2. On a perusal of the evidence there is little doubt that the tree in question is the avenue tree on the road side which is the property of the Government, and that the accused have removed the branches without the permission of the authorities concerned. The facts found by the lower Court are not disputed before this Court.
3. Sri B. Venkatesha Rao, the learned counsel for the petitioners, urged that the acts complained of amount to an offence under the Special Act, viz. Section 43, Land Revenue Code. Under Section 44 of the said Act provision is made for recovering the value of the tree removed as if it were in arrear of land revenue and also to levy a fine. These provisions of the Land Revenue Code, it is urged, do exclude the liability of the petitioners under the ordinary law, the Indian Penal Code. Reliance is placed on the decision reported in Mohan Lal v. Emperor, A. I. R. (17) 1930 Oudh 497: (32 Cr. L. J. 104) wherein it has been held that a punishment under the Penal Code for abetment of an act which is an offence under the Salt Act and not an offence under the Penal Code is illegal for the reason that Salt Act prescribes specific punishment for the abetment of such an offence. This decision is not applicable to the circumstances of the present case. It is not denied that the act complained of forms a separate offence under the general law, the Penal Code; and these Acts do not conflict with each other. Section 26, General Clauses Act, makes ft provision as to offences punishable under two or more enactments thus :
'Where an act or omission constitutes an offence under two or more enactments, then the offender shall be liable to be prosecuted and punished under either or any of those enactments, but shall not be liable to be punished twice for the same offence.'
It is admitted that the petitioners were neither proceeded with nor punished under the Land Revenue Code. It, therefore, follows that where an act is an offence under the provisions of two enactments which are not in conflict wit each other, prosecution could be resorted to under either of the enactments. The prosecution under the Penal Code is not illegal as contended.
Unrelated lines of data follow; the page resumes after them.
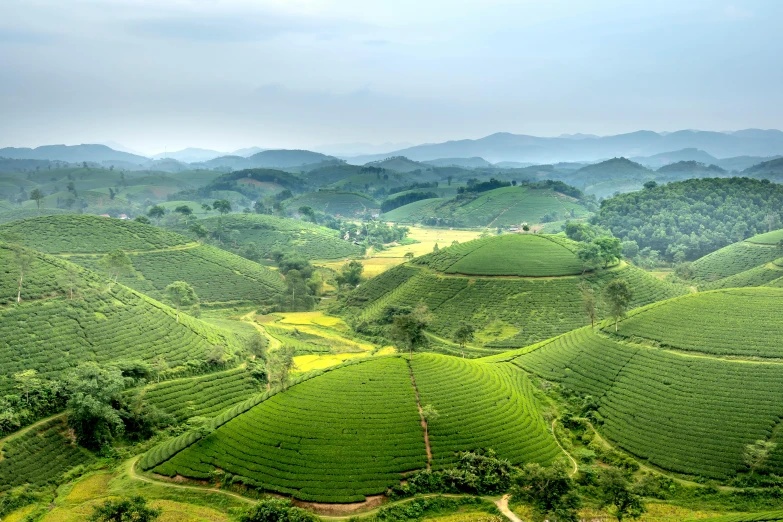 a scenic view of a tea plantation in malaysia, an album cover, by Adam Marczyński, pexels contest winner, 2 5 6 x 2 5 6 pixels, vietnam, 8k 4k, green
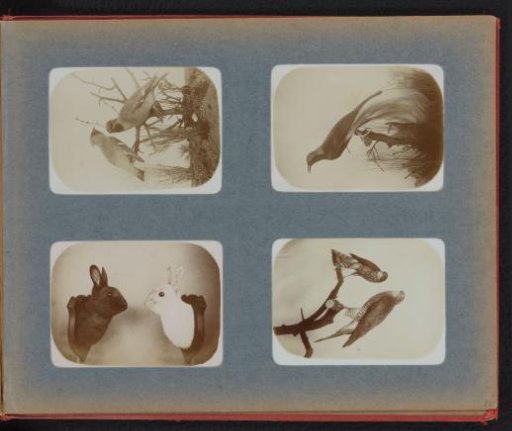 Mounted rabbits, hoopoes, sparrowhawks and a nightingale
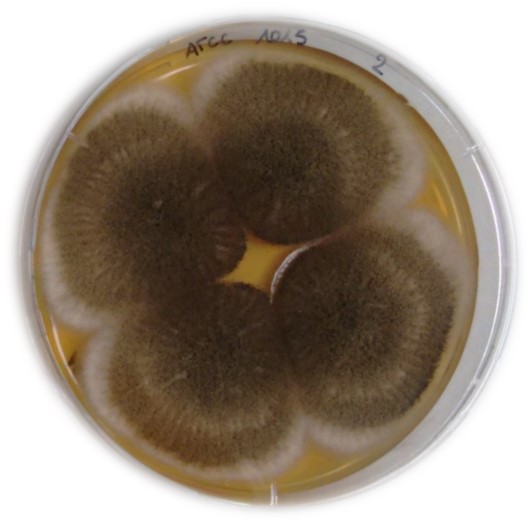 Aspergillus niger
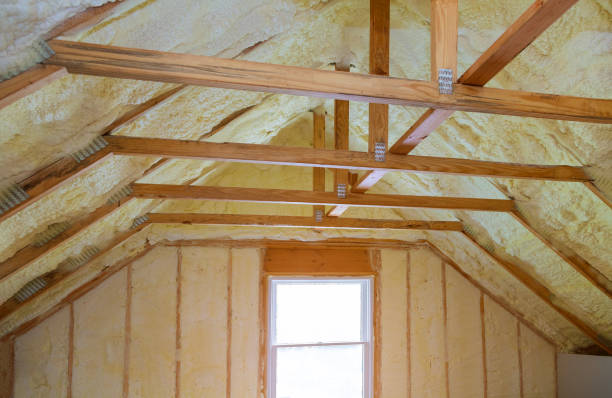 Best Commercial Insulation in Hutchison, VA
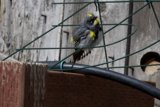Feathered Splash of Sunshine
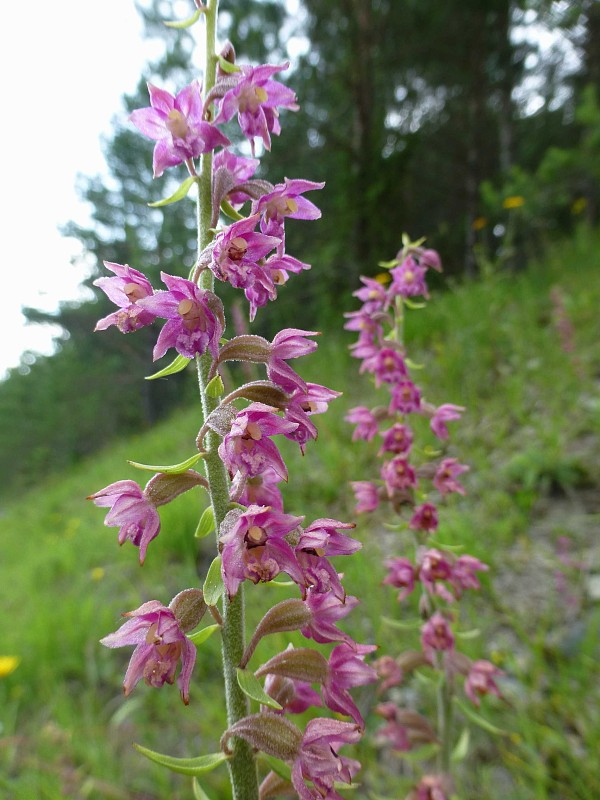 kruštík tmavočervený pravý Epipactis atrorubens subsp. atrorubens (Hoffm.) Besser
4. The next point raised by the petitioners is that the proviso to Section 44, Land Revenue Code, enables the Deputy Commissioner instead of imposing a fine, to institute criminal proceedings. It is argued to mean that either the Deputy Commissioner or only with his sanction any other authority should institute criminal proceedings and not otherwise; I am unable to agree with this suggestion. The proviso to that section only contemplates the alternative remedy open to the Deputy Commissioner with no delegation to any other authority by way of sanctioning the prosecution, but the said proviso does in no way preclude the applicability of or the liability under the general law, the Indian Penal Code. In any view of the case, there is no reason to interfere with the decision of the Court below. The petition fails and is dismissed.